Me aferro a una visión del mundo que es fácil de ridiculizar
Sostengo la creencia de que la mayoría de las personas, aun con sus defectos, buscan ser buenas. Mantengo la creencia de que nuestras instituciones, aunque desgastadas, son básicamente legítimas y merecen nuestro respeto. Sostengo la creencia de que el carácter importa y que las buenas personas al final prosperan y las personas poco éticas se desmoronan con el tiempo.
No creo que esta visión del mundo nazca de una inocencia infantil. Surge de mi experiencia directa con la vida y después de miles de entrevistas, cuando he cubierto a políticos de la vida real como Barack Obama, John McCain y Mitt Romney.
Donald Trump, con su mera presencia, es un ataque a esta visión
Trump es un tirano. Como bien observó Aristóteles hace muchísimos años, la tiranía se fundamenta en la arbitrariedad. Cuando un tirano tiene el poder, no hay Estado de derecho, no hay orden de gobierno. Sólo existe el capricho del tirano. Solo existe su deseo desmesurado de tener más de lo que le corresponde del todo.
Bajo la tiranía política, las leyes externas se vuelven arbitrarias. Incluso cuando Trump no ejerce el poder del Estado, cuando simplemente está haciendo campaña, Trump blande poder cultural. Bajo la tiranía cultural, los valores internos también se vuelven arbitrarios: se fundamentan en sus caprichos y deseos del momento.
Las categorías que usamos para evaluar el mundo pierden su significado: crueldad y bondad, integridad y corrupción, honestidad y deshonestidad, generosidad y egoísmo. Los valores elevados comienzan a parecer crédulos y absurdos, irrelevantes para la situación actual. La mera presencia de Trump difunde su contraevangelio: la gente es básicamente egoísta; la energía bruta mueve el mundo. Lo único que importa es ganar y perder. Bajo su influencia, sutil e insidiosamente, las personas desarrollan mentalidades más nihilistas.
Trump ya ha corroído al Partido Republicano de esta manera
Permítanme centrarme en un valor que Trump ya ha disuelto: la idea de que debería haber alguna conexión entre las creencias que tienes en la cabeza y las palabras que salen de tu boca. Si dices algo que no crees, al menos deberías tener una punzada de culpa por tu hipocresía.
Solía al menos escuchar a los republicanos expresar su culpa en privado cuando apoyaban públicamente a un tipo al que despreciaban. Esa culpa parece haberse desvanecido. Hasta el desprecio se ha desvanecido. Muchos republicanos han desconectado la facultad moral, tras, al parecer, haber llegado a la conclusión de que la moralidad personal no importa.

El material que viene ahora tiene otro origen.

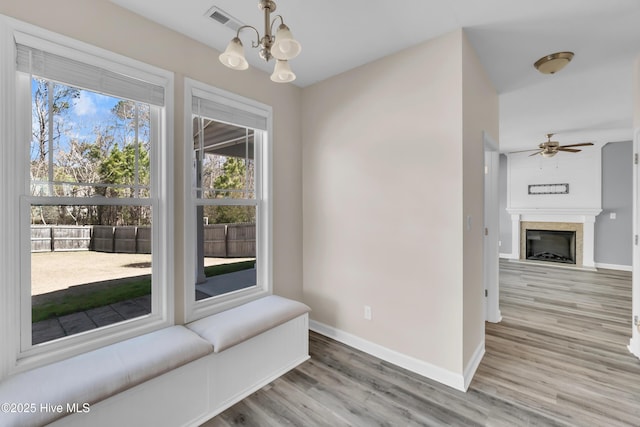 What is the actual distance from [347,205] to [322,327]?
4.43 feet

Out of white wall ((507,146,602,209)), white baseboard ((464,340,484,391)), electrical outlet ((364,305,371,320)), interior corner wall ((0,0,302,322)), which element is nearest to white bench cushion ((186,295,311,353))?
interior corner wall ((0,0,302,322))

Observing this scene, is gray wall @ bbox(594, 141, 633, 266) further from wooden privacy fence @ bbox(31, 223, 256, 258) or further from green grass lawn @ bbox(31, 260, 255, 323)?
green grass lawn @ bbox(31, 260, 255, 323)

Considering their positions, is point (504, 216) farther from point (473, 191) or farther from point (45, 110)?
point (45, 110)

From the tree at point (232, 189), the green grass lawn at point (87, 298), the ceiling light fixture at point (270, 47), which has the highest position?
the ceiling light fixture at point (270, 47)

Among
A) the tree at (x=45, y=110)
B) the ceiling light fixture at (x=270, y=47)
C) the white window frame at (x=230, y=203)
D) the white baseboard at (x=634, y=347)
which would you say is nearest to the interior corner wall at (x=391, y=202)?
the white window frame at (x=230, y=203)

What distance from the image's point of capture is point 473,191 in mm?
2270

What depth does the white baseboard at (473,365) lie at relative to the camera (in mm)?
2077

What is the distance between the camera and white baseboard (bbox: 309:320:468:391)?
208 cm

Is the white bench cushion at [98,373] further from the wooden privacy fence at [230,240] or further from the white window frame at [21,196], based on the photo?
the wooden privacy fence at [230,240]

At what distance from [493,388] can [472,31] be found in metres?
2.67

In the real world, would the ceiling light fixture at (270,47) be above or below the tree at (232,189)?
above

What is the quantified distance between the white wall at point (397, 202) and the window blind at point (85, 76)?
1578 mm

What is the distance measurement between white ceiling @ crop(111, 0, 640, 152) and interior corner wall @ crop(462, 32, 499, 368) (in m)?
0.24

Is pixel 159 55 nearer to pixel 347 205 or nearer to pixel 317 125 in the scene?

La influencia corrosiva de Trump se extiende mucho más allá de su partido. Cualquier orden social estable depende de un sentido de legitimidad. Esta es la creencia y la fe de que las personas a las que se les ha dado autoridad tienen derecho a gobernar. Ejercen el poder para el bien común.
Trump también ataca este valor. Los fiscales no están al servicio del Estado de derecho, insiste, sino que son peones políticos de Biden. Los funcionarios no son más que agentes del “Estado profundo” para derribar a Trump. Esta actitud cínica se ha generalizado en nuestra sociedad. El escepticismo adecuado hacia nuestras instituciones se ha convertido en una desconfianza endémica, un cinismo visceral que afirma: sé cómo funciona todo; es pura corrupción hasta el fondo.
Durante los próximos meses, nos enfrentaremos no solo a una contienda política, sino a una batalla entre aquellos de nosotros que creemos en ideales, aunque a veces nos haga parecer ingenuos, y aquellos que alegan que la vida es una lucha despiadada por ganancias egoístas. Si estos últimos obtienen la victoria, daremos un paso hacia la barbarie cultural.